We became friendly quickly. I should mention that the Andersons’ home was in those unexpectedly precipitous hills across the Bay from San Francisco, because when it became going-home time the Herberts and I were driven back to the city by another diner, a local resident who knew every hill and curve and preferred to take them all at high speed while turned halfway around in the driver’s seat in order to have a friendly conversation with us. When we got out, the Herberts and I agreed that we had just been through a life-changing experience, and we would be lifelong buddies from then on.
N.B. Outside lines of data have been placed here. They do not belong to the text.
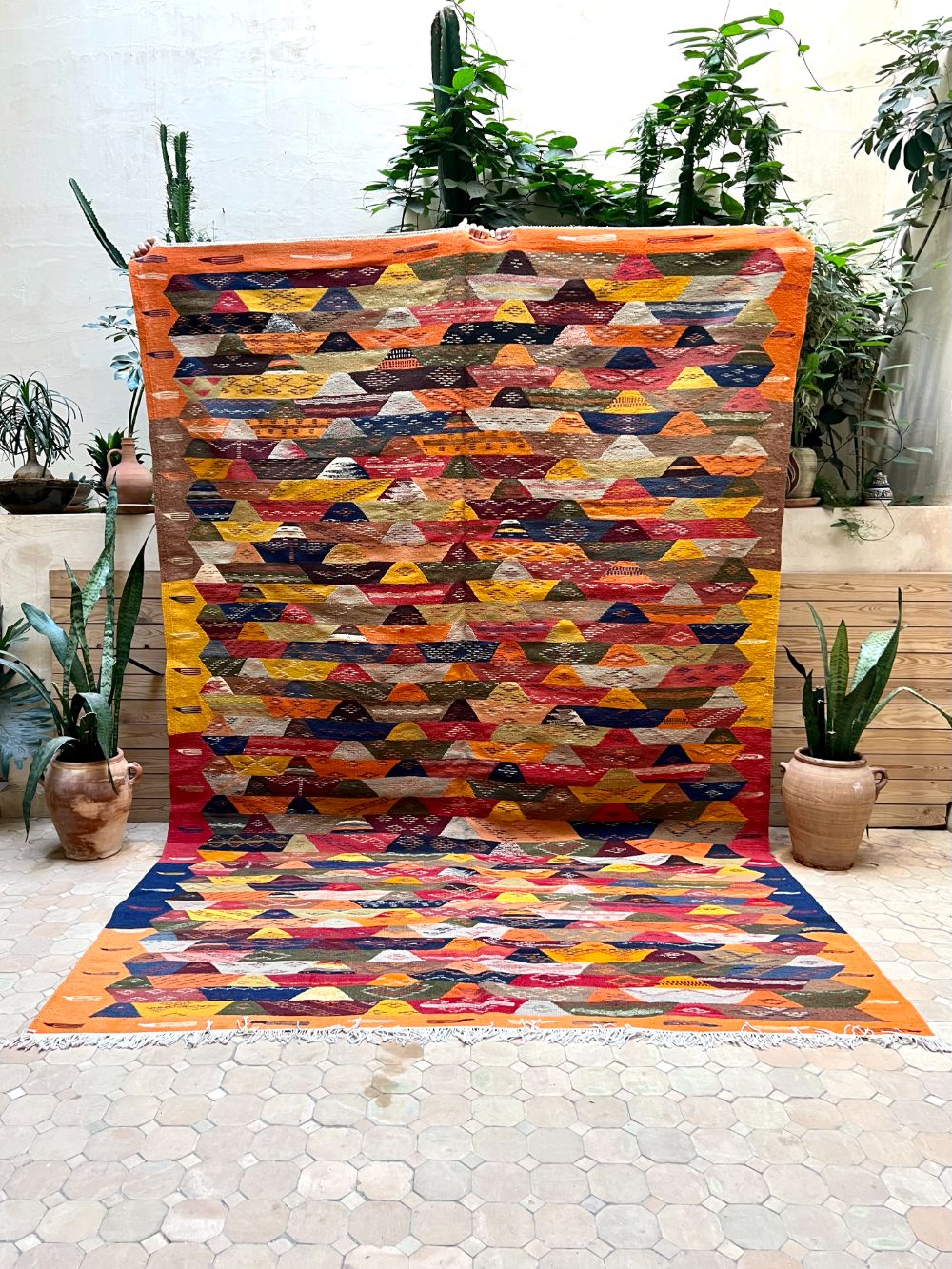 Marokkolainen nukaton matto 300x195cm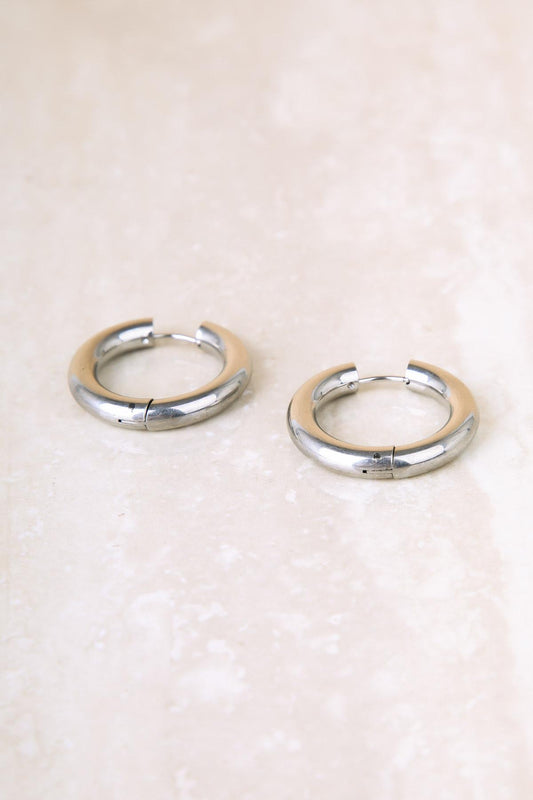 Boucles d'oreilles créoles argentées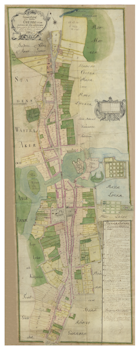 Historisk karta över Örebro, år 1872 (Fri frakt!)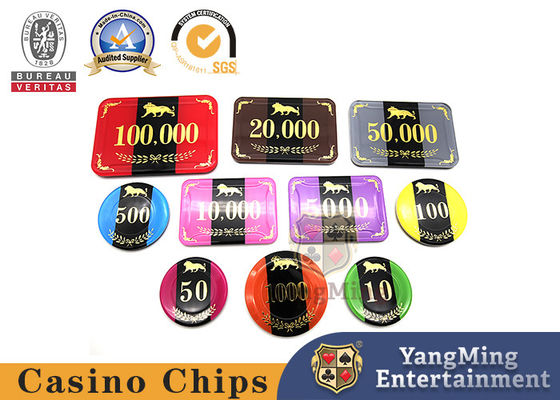 Three Layer Acrylic Anti Counterfeiting RFID Casino Chips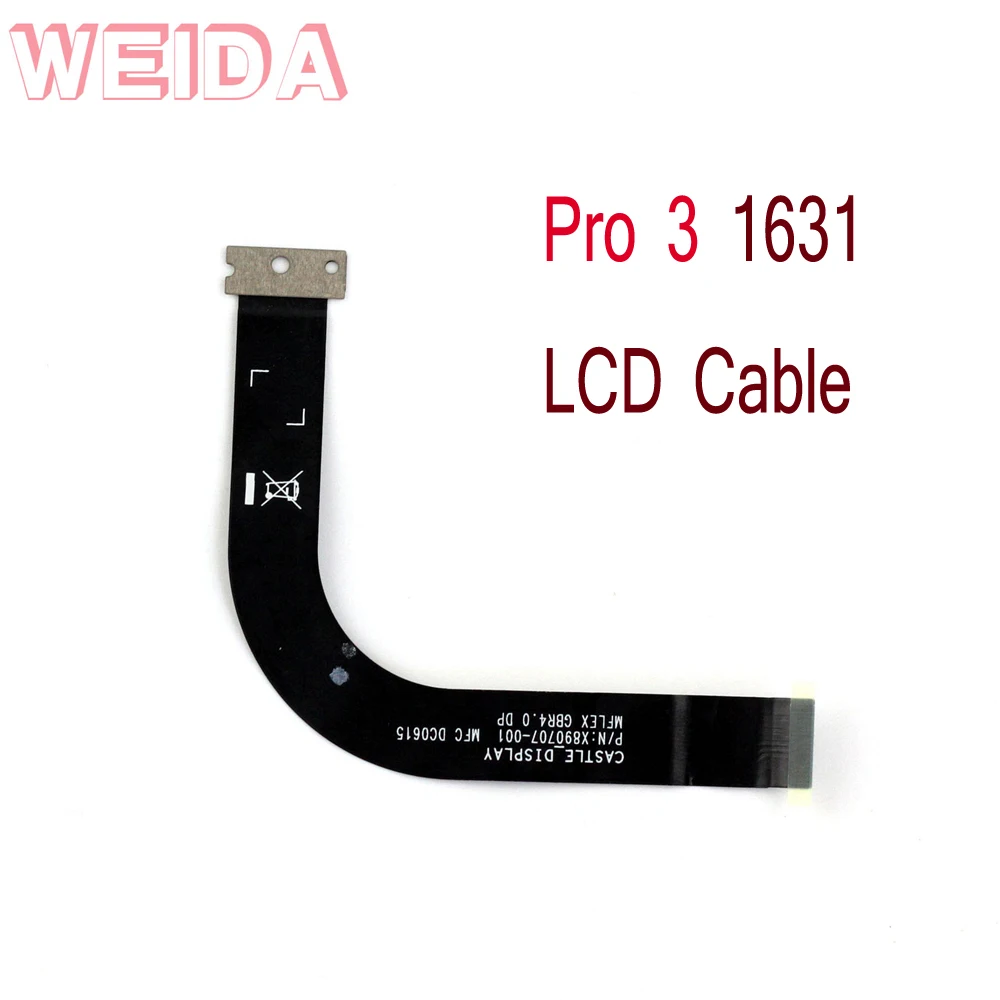 

WEIDA Flex Cable Connectors Replacment For Microsoft Surface Pro 3 Pro3 1631 LCD Cable Flex Cable Conntectors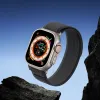 Apple Watch Ultra/8/7/6/SE/5/4/3/2/1 (42, 44, 45, 49 mm) Dux Ducis Tépőzáras sportszíj YJ változathoz fekete-szürke - 3. kép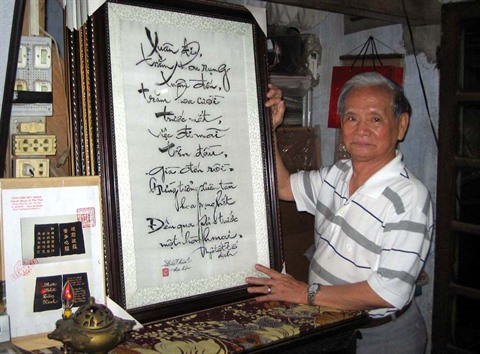 Lê Van Kinh, le symbole de la broderie vietnamienne ảnh 2 Lê Van Kinh, le symbole de la broderie vietnamienne ảnh 2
Still, we managed to get together only rarely because of problems of geography, except for the occasional fortuitous occasion — for example, the day in the early ’80s, when I was in Seattle on a book tour. As I was crossing a street on my way to a TV interview, a car pulled up in front of me and a woman stuck her head out the window. “Hello, sailor,” she called. “Looking for a good time?” It was Bev, with Frank grinning over her shoulder from the steering-wheel side.

It wasn’t the best of opportunities for a lengthy chat, but I was glad to see them both looking well; Bev had been diagnosed with early-stage breast cancer and, I knew, was facing surgery. Before the other drivers began honking, the Herberts mentioned that they were building a house in Hana on Maui, and I promised that the next time we were in Hawai’i we’d look them up.

Meanwhile Frank, working as a newspaperman, had started to research an article about the sand dunes of Oregon, and that changed his life. The dunes fascinated him. He never finished the article, but he began writing science-fiction stories for John Campbell’s Astounding, starting with a three-part serial about a dune planet and its inhabitants.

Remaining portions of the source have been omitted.